Second: The disciplined man:
This may sound to you as stupid when I say you that Mizo people does not honks!
Yes, it is almost a sin to blare your car horn in Mizoram. When you are on the road, you would find complete discipline being maintained by each and every driver – there is no rash overtaking, cars in fact would stop to let you pass by in the narrow hill roads..
Third: The honest man who believes in others honesty:
I encountered this most out of the world experience on my last visit on 12th August, 2009 - I could not believe what I saw then and neither does anyone now, to whom I narrate this story..
I found a vegetable shop, with self-service system, just like modern malls. The only difference is:there is no shop-keeper here! And no body is watching you what you bought and how much you paid! This shop is in wilderness, in the deserted road from Aizawl to Lunglei via Kulikawn, in a bus-shed called “Middle Lau Sailam”, about 2 hour away from Aizawl.

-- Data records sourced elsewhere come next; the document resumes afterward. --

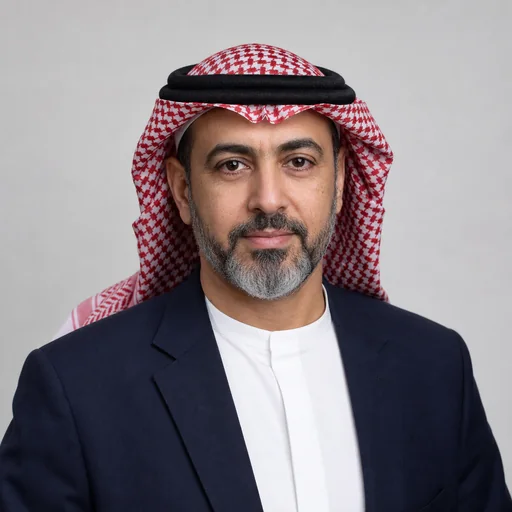 صورة اصطناعية للشخصية التحريرية الافتراضية سليم ناصر المطيري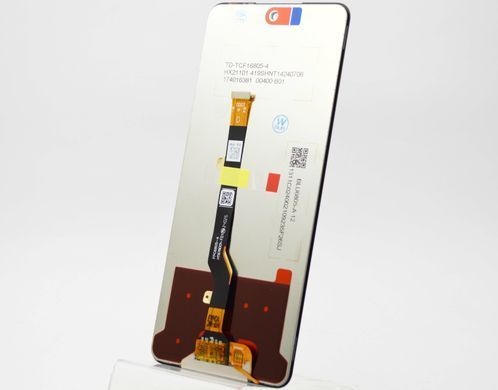 Дисплей (экран) LCD Infinix Hot 11S/Hot 12S NFC (X6812/X6812B) с touchscreen Black Original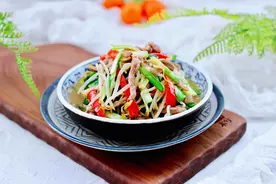韭菜和它天生是一对，晚餐搭配着吃，坚持15天，腰带变松了图片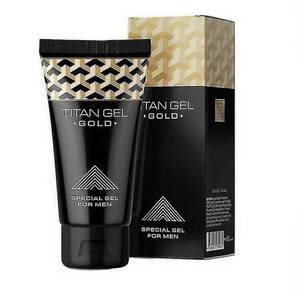 Titan Gel For Hygiene Intimate Gold By Fatikha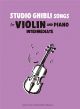 Studio Ghibli Songs For Violin & Piano: Intermediate (Yamaha)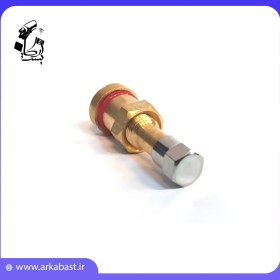 تصویر والف نیسانی مستقیم برنجی Nissan direct brass valve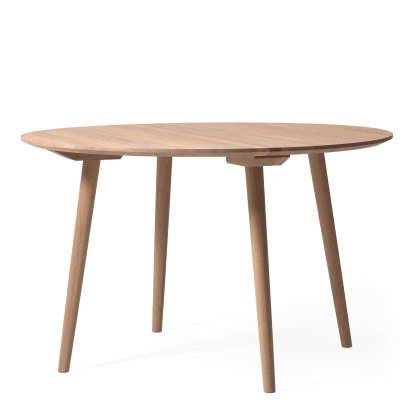 Table ronde In Between, Ø 120 cm, Chêne huilé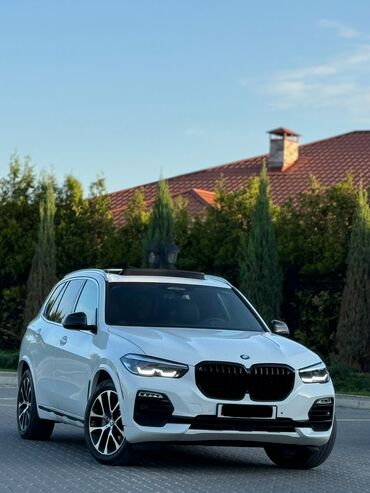 крашен: BMW X5: 2021 г., 3 л, Автомат, Бензин, Внедорожник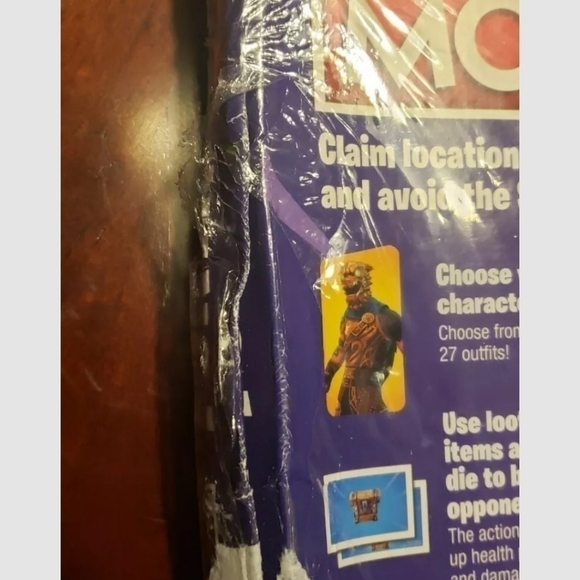 MONOPOLY Fortnite Edition Board Game. New sealed but damage to box as is - Picture 7 of 11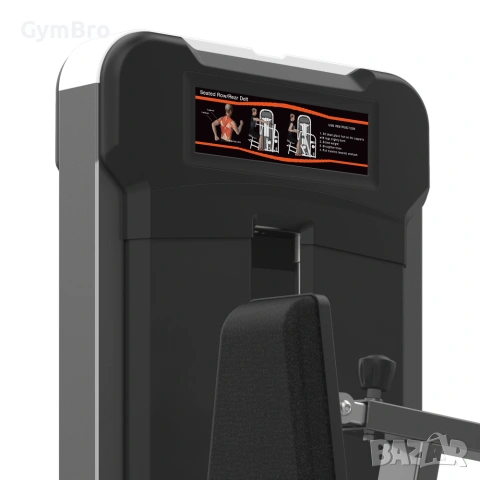 Real Leader M3-1015 – професионална машина за гребане и задно рамо / Row / Rear Deltoid, снимка 5 - Фитнес уреди - 55277474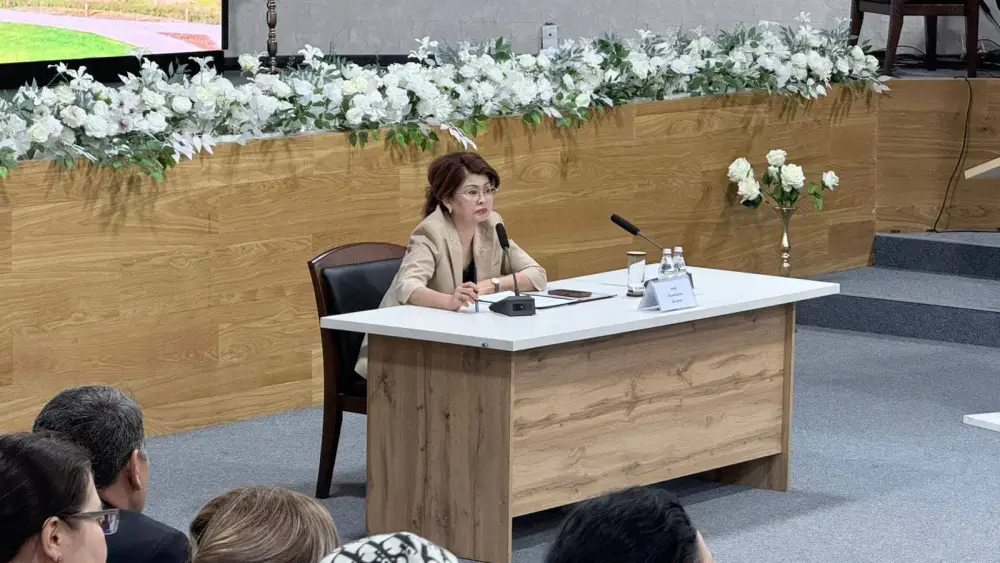 Аида Балаева провела встречу с коллективом музея-заповедника «Әзірет Сұлтан» для обсуждения ключевых направлений развития музейной сферы в Туркестане. Павлодаре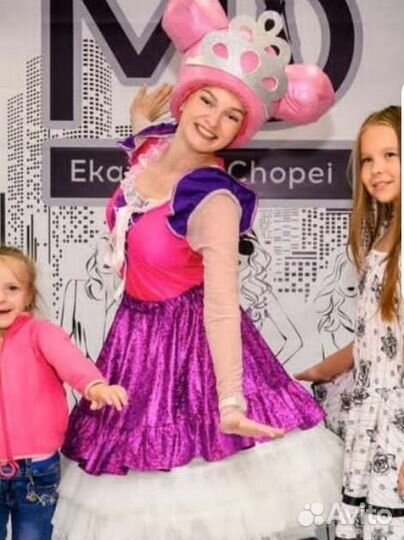 Аниматор на праздник,бумажное шоу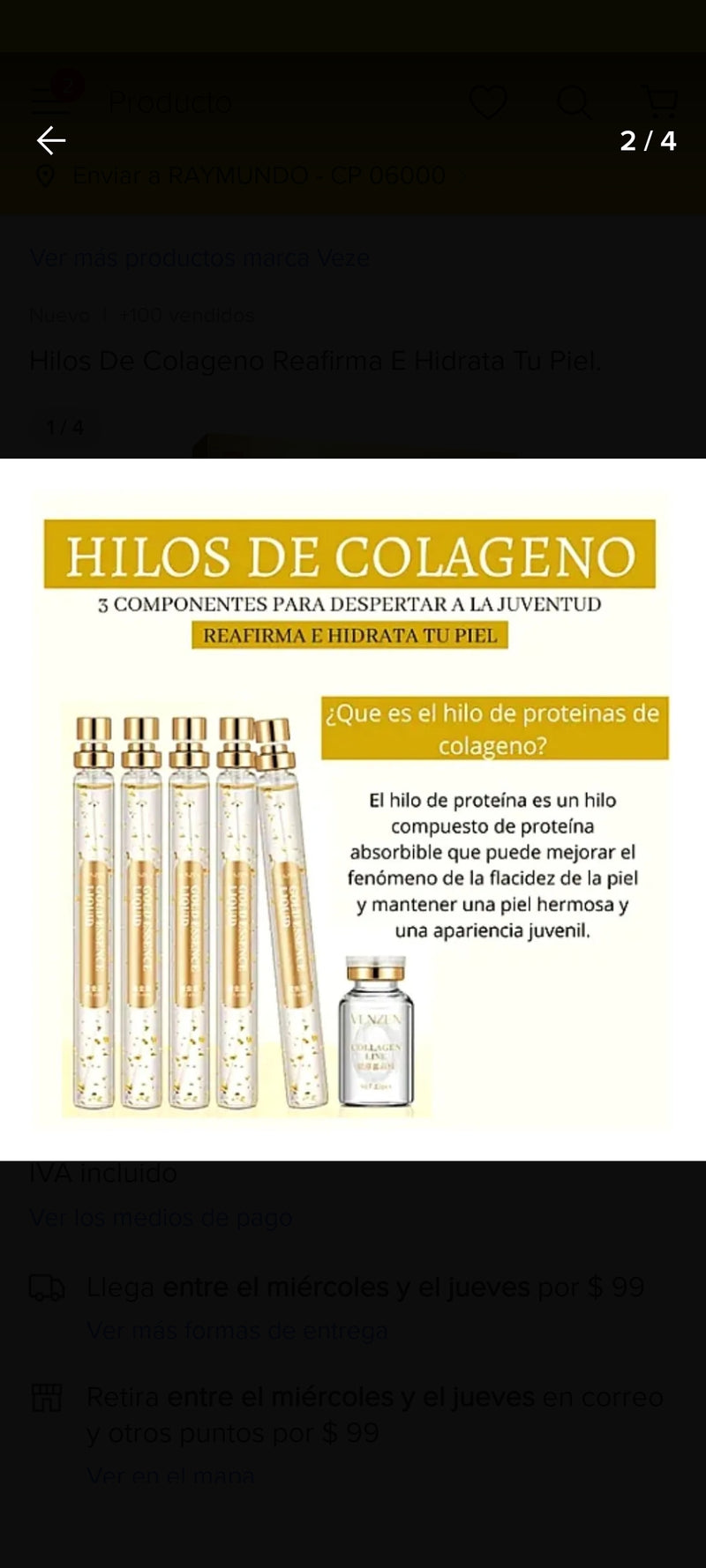 Hilos Tensores - Veze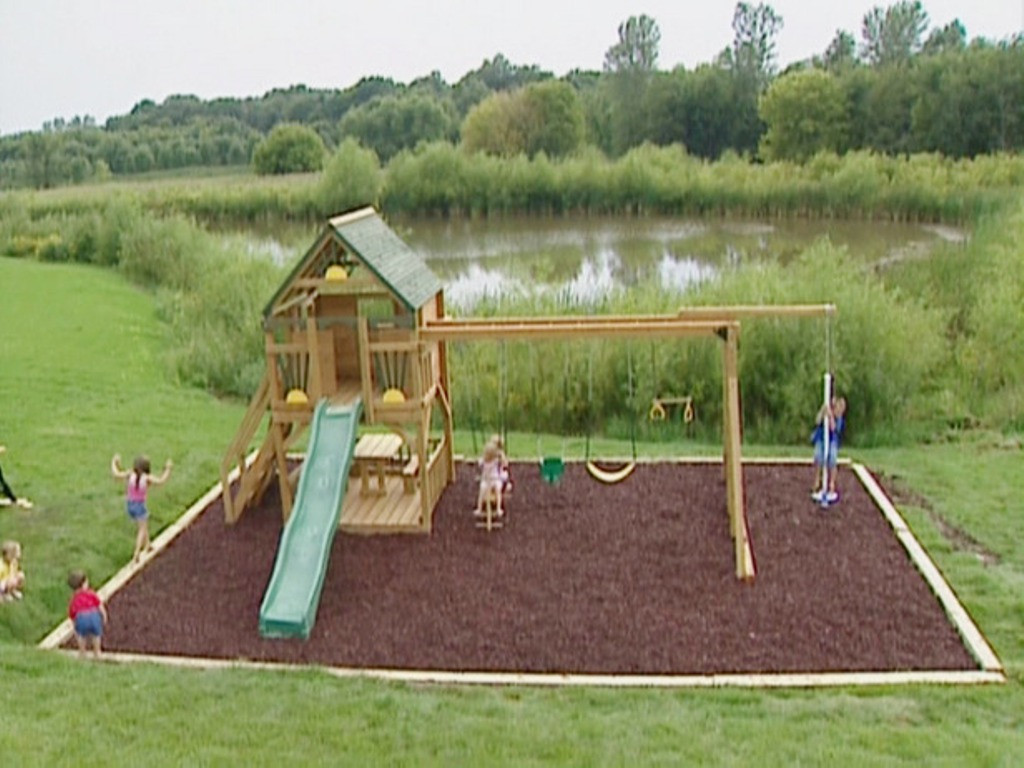 Best ideas about Backyard Playground Equipment
. Save or Pin Aesthetic DIY Backyard Playground Plans Now.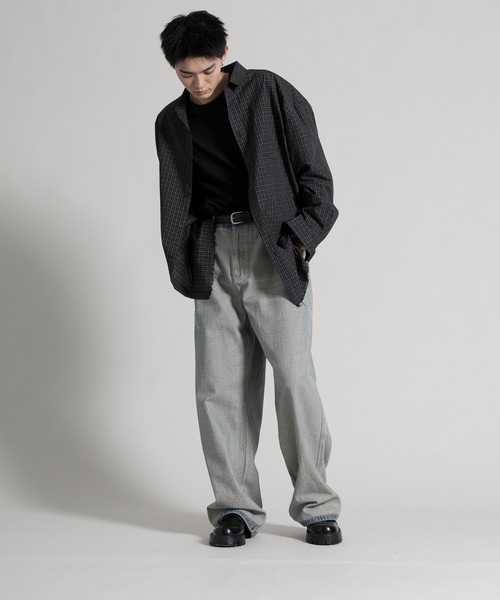 aimoha(アイモハ)の「【aimoha neo】Bi-Courlor EcoBlend Denim(デニムパンツ・メンズ・ブルー・MEDIUM/LARGE/X-LARGE/XX-LARGE)」の3枚目の写真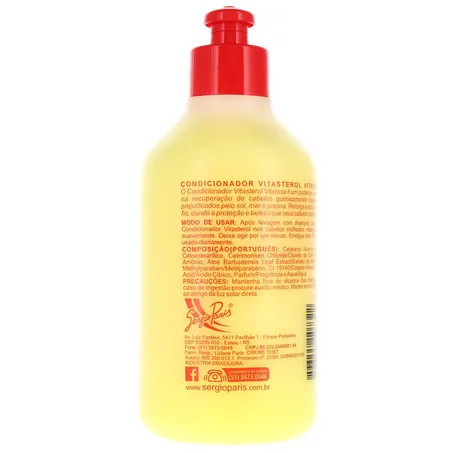 Condicionador vitasterol vitarosa 300ml 360-15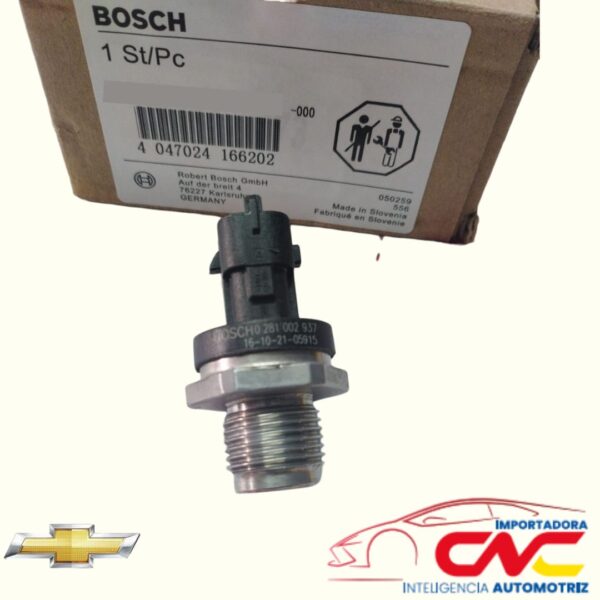 SENSOR DE RIEL  CHEVROLET CAPTIVA 2,0 - FIAT DOBLO
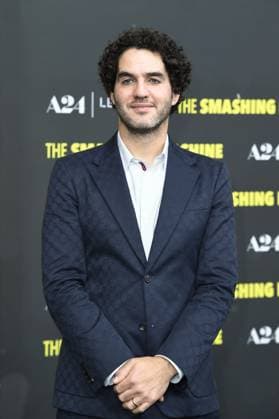 Benny Safdie at the German premiere of THE SMASHING MACHINE in Berlin on 22 09 2025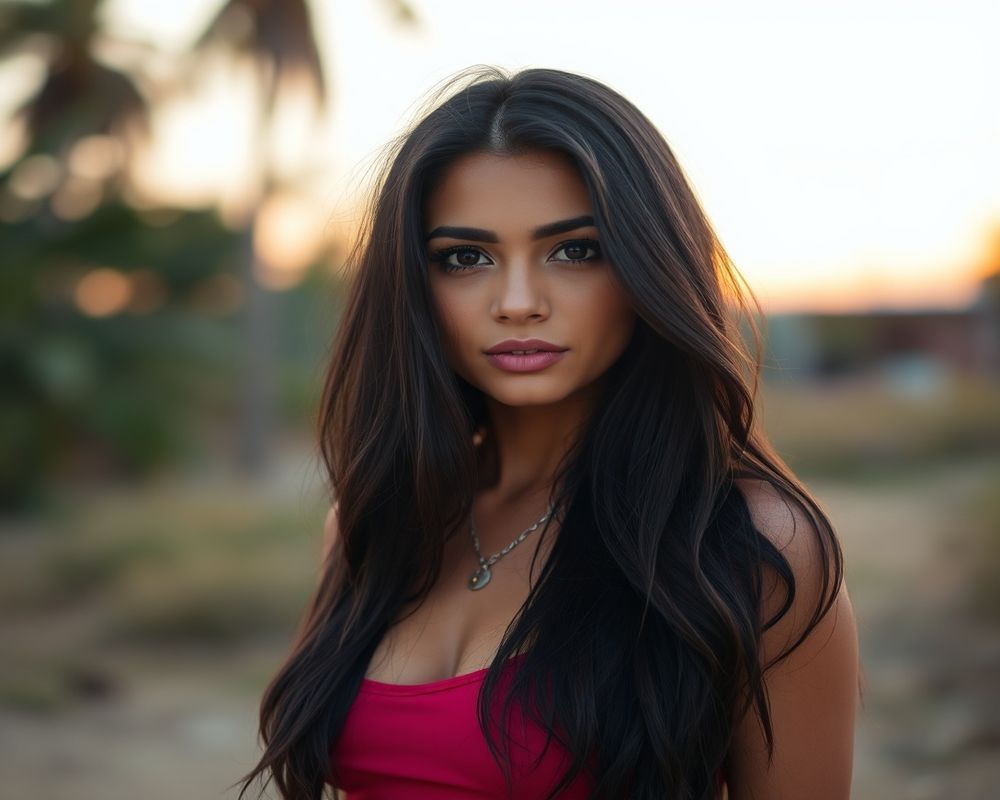 Gabriela Costa natural outdoor lifestyle portrait
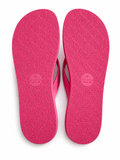 Gucci Pink Rubber GG Flip-Flops – Size 38 ladies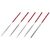 GUNDAM TOOLS - Set àf 5 Diamond Needle Files
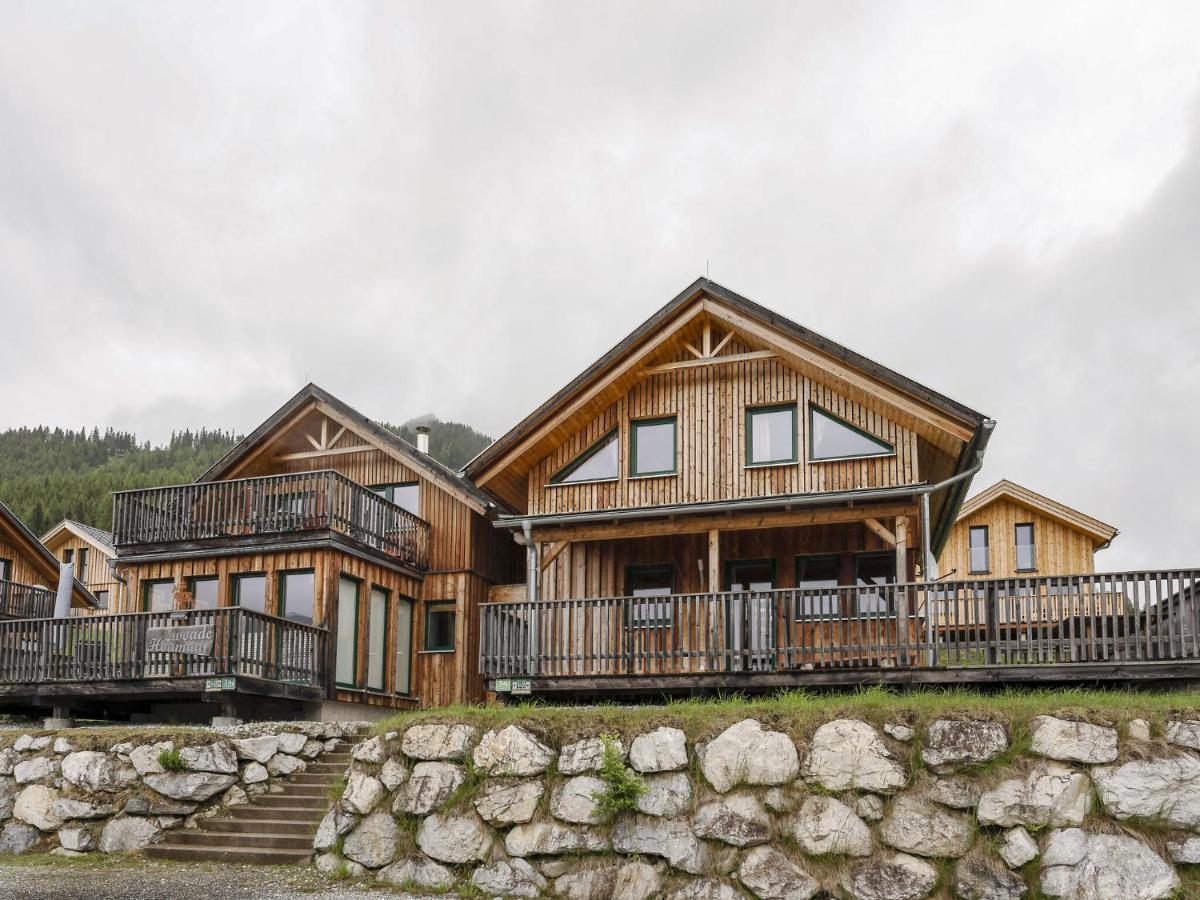Detached Chalet In Hohentauern With Sauna Buitenkant foto
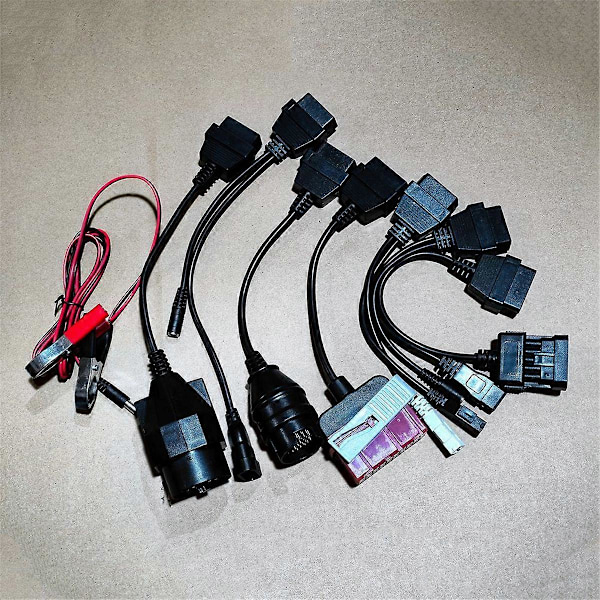 8 kpl Täydelliset sarjat TCS Multidiag PRO Auto OBD Muunninkaapelit OBD2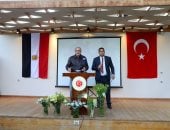 رسالة سلام وخير.. سفير تركيا بالقاهرة يحتفل بعيد النيروز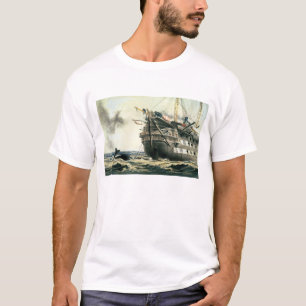 HMS Agamemnon die de oorspronkelijke Atlantische k T-shirt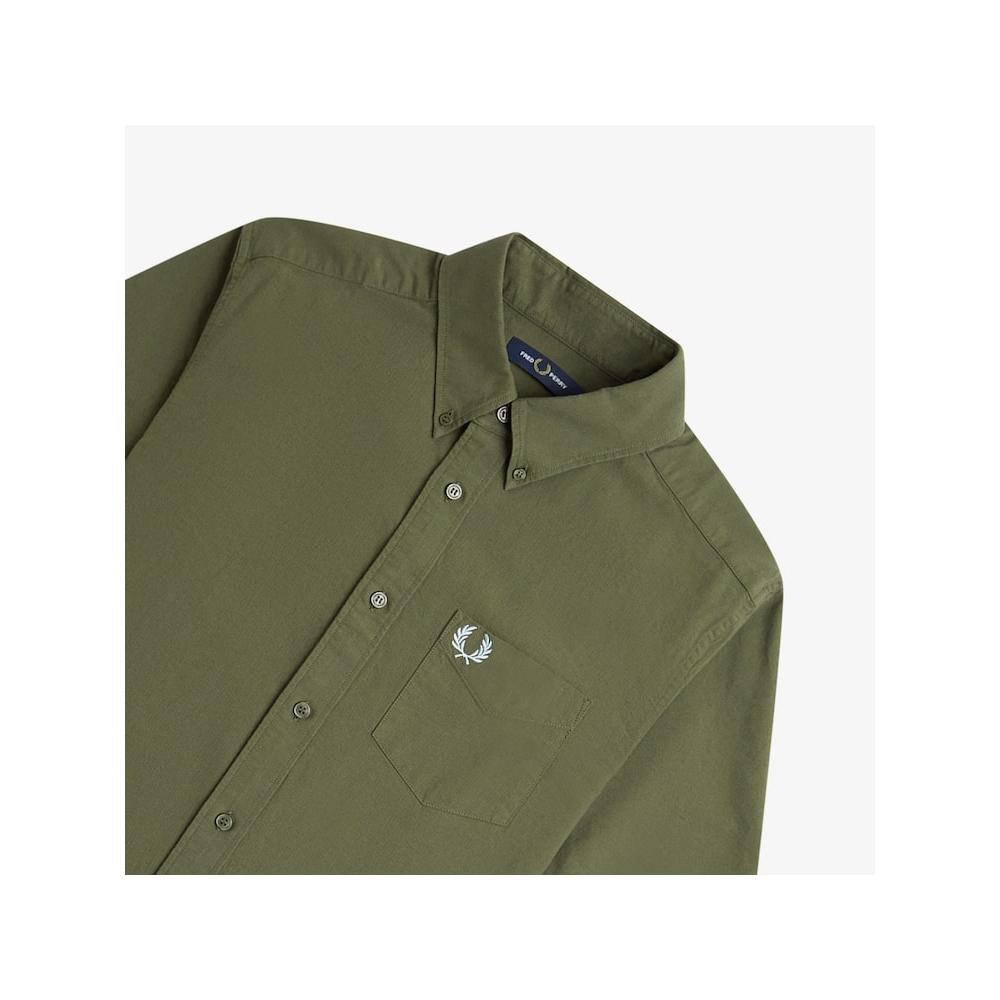 Fred Perry [genuine] Fred Perry [baseline] Short Sleeve Oxford Shirt  Q55  Afpm2415503 Q55 qzgAfpm2415503 Q55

The items on sale are vegetables like brinjals, ginger also fruits etc., each of them packaged in poly-pack, with each pack costing you Rs. 10/=. You are supposed to pick items you like (i.e. in multiples of Rs.10/=) and insert the money into the cash-box (a small plastic container). The cash-box is out in the open and is so small that anyone can just put it inside his pocket – but here no body does that! It is said that the owner of the shop hardly finds a variation of more than Rs.10/= per month!
There is at least one more good story to tell you about the virtues of Mizo people – about how a helpless colleague of mine, stuck mid-road because of car-breakdown at night was helped… but that should be another weekend reading!
Till than I leave you with some breathtaking view of Mizoram in the pictures above and also a You-tube video on how the clouds caress you in Mizoram! So long!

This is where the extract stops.